Word holmes, bro here's spot on.

Warren Buffet has said that anything with high labor costs in this country will be moved out as soon as it possibly can to places where lower labor costs are available. If you can't move the products production (in this case, our flying) out of the country, there better be a really good reason for the production sticking around here, and even still market forces will force wages down.

We haven't even begun to see how little folks will fly mainline airplanes for, either. I think we've got a pretty good idea of what pilots will fly RJ's for, and we're at it. Now that we've proven we can and WILL fly jets for $40,000 in the right seat and $80,000 a year in the left seat, there's nothing to stop wages from being forced to an equilibrium point based around those wages at the upper end.

Years ago some VERY smart folks on this forum were yelling and screaming about how we took Metroliner pay rates and extended them up to get our current RJ rates instead of taking 737 rates and extending them down. We'll never get those 737 rates back, and again; market forces will continue to force wages down until we start crashing airplanes because all the qualified pilots out there are gone.
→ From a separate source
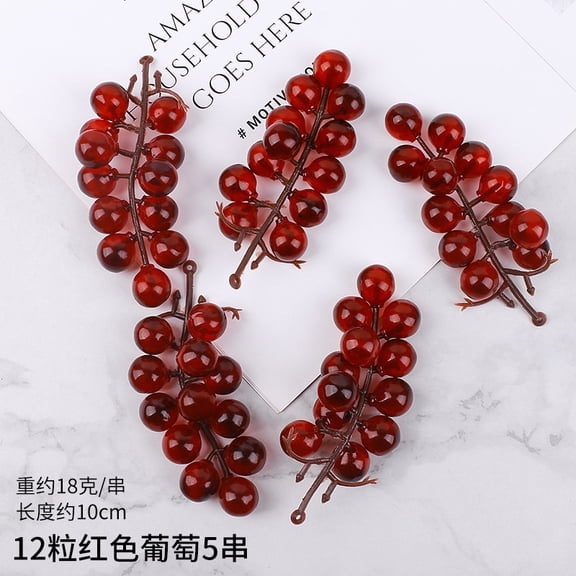 suxuMhao Artificial Grapes,10 Packs 4 IN Simulation Fruit,12-Grapes Bunch Fake Fruits,Faux Fruit for Home Decor,Artificial Fruits & Vegetables Decor Fruit for Holiday & Retail Display, Red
Further, we're not a real union. The longshoremen have a real union. Plumbers have real unions, as do electricians. If we had a real union, we'd be employed by the union and contracted out by our airlines to do our work. We'd get our health insurance from the union and we'd get our retirement from the union.

And Todd, I'd love to hear how you think we've actually beaten back management in the last 15 years AND HELD ONTO THE GAINS. We haven't made any gains, we've only slowed down managements progress. Without the union the degregation of our career would be much faster, but all we're doing is slowing down the downward spiral instead of preventing it and turning it backwards. We talk about taking it back, but we'll take a concessionary contract to keep our jobs when our companies are mismanaged and shrug and say, "Well I'd rather lose 5% than lose my job!" It's just that after a couple of those, you didn't lose 5%, you lost 50% (ala Delta).

I'm not saying this because of the downward trend that's happening in the industry, or because of my furlough. Ya'll think I'm some bitter old coot, but that couldn't be any further from the truth. I have my eyes wide open, and I'm seeing what's happening in this industry. Since deregulation we've had a series of cycles and every time the industry dips, we never regain what we once had. While things will get better and worse, the overall trend of that sine wave will be a downward trend unless we can do some things to truly arrest the free fall we're in. We haven't been able to do it since 1982, and I doubt we'll be able to do it in the next 10 years.